Aregawi, 23, who moved to Sweden in 2009 and took Swedish citizenship in June 2012 but was not cleared to run by the IAAF until December of that year, clocked 4min 00.61sec.

Ethiopian Axumawit Embaye took silver in 4:07.12, with Canada's Nicole Sifuentes claiming bronze (4:07.61) after initial third-place finisher Rababe Arafi of Morocco was disqualified for stepping inside the kerb.

Aregawi was a the strong favourite going into the race in Poland and won by a comfortable margin of 6.51 seconds ahead of Sifuentes. The athlete's preparations for the race meeting in Sopot was overshadowed by media stories about her personal life regarding her marriage.

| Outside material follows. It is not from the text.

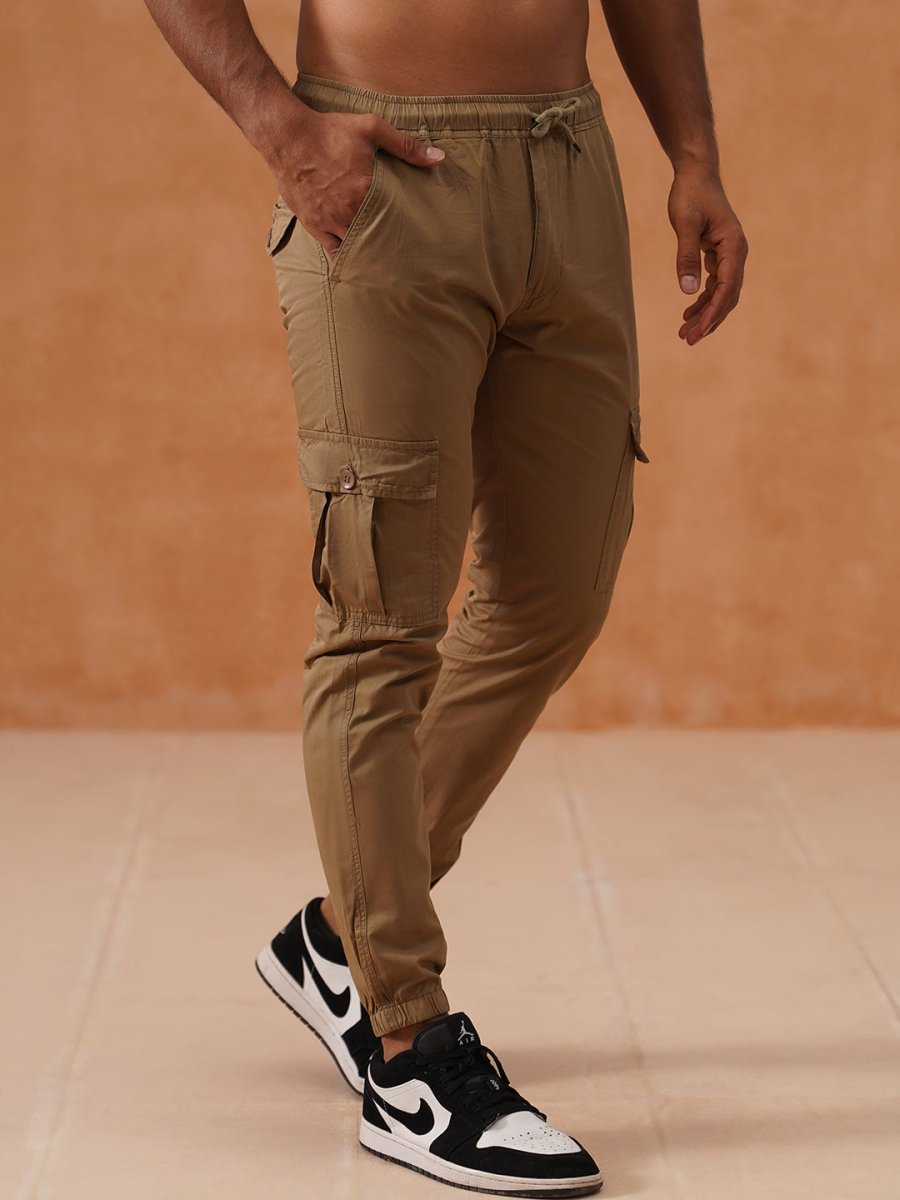 Indian Needle Men's Casual Cotton Solid Cargo Pants - KGP_155Beige_30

Swedish daily Expressen reported that Aregawi has been divorced from her husband Henok Weldegebriel since May 17th 2013. The couple had launched a firm defence of their relationship last year denying that it was a sham in order to secure citizenship.

"I don't know where these rumours come from. People are trying to make her feel bad. We have been married since 2008 and nobody paid to bring her to Sweden," husband Henok Weldegebriel said in an extensive interview with Dagens Nyheter in September 2013.

However, the report by Expressen revealed a document from the Swedish Tax Office (Skatteverket) that Aregawi's marital status was listed as divorced and had been so since May 17th last year.

Aregawi maintained to Aftonbladet, following the article in Expressen, that she and Henok are still married.

After her win Aregawi was quizzed by journalists if the media reports had affected her preparations.

"I don't want to talk about my private life here even though there was some talk. My focus was on my work and on my results so I don't really care to discuss my private life," Aregawi said via an interpreter.

Aregawi is regarded as one of the world's best runners in her field and won a gold medal at the Moscow World Championships in 2013. Her won on that occasion was also overshadowed as he refused to take part in the rainbow protest due to her religious beliefs.

She became a Swedish citizen in 2012 and is currently studying the language. Aregawi told Dagens Nyheter in September 2013 that she was keen to set the record straight after she was criticized for not participating in the rainbow protest.

"I respect all people and that all of us are equal. Sweden is a free country where everyone has the right to do what they want," she said.